Wednesday, May 27, 2015
Ask Linda #1070-Touch grass in hazard
Thanks for your prompt answers to educate the golfers.
We have a few water hazards which are as such dry but are covered by grass of varying lengths. I would appreciate your answers to the following questions:
• How far down I can lower my club-head to address the ball?
• Can I ground my club? Can I rest the sole on top of the blades of short grass? What if the ball lies in 5-6 inches tall grass?
• If playing from the short grass the club-head or shaft touches the tall grass on the back swing, do I count a penalty stroke?
Please do add to your reply if any other point comes to your mind relating to this scenario.
Lou from Lahore, Pakistan
A player is prohibited from touching the ground in a hazard [Rule 13-4b]. The Note to that same Rule permits a player to touch any grass, bushes, trees, or other living things in a hazard at any time. So what does this all mean in relation to your questions?
Your club is considered “grounded” in a water hazard when the grass has been compressed to the point where it will support the weight of the club [Decision 13-4/8]. If you were to let go of the club, it would not move down. The penalty for grounding your club is two strokes/loss of hole.
You may touch the grass at address, but the weight of the club must be supported by you, not the ground. Lower it into the grass behind the ball, but hover the clubface above the ground.

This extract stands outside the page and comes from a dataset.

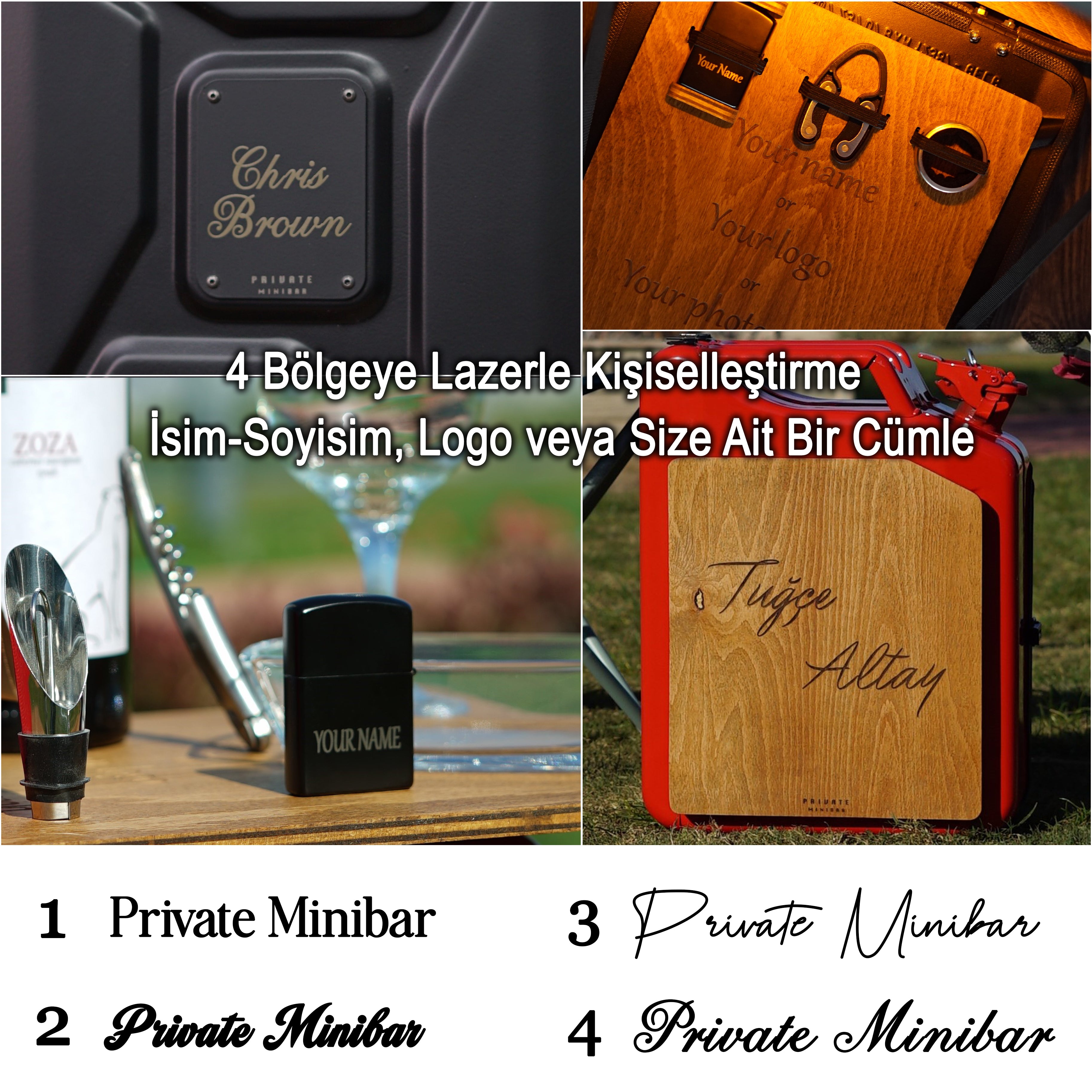 Sur Serisi / Şarap Konsepti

You may touch the long grass in the hazard during a practice swing (or during your actual swing), but you will get a two-stroke/loss-of-hole penalty if the touching violates any of the provisions of Rule 13-2 [Decision 13-4/4]. For example, if your practice swing flattens the grass behind the ball, you will have improved the area of your intended swing [Decision 13-4/4]. There is no penalty if you flatten the grass during the backswing of your actual stroke, provided you complete the swing; if you flatten the grass on your backswing and discontinue your swing, you cannot avoid penalty.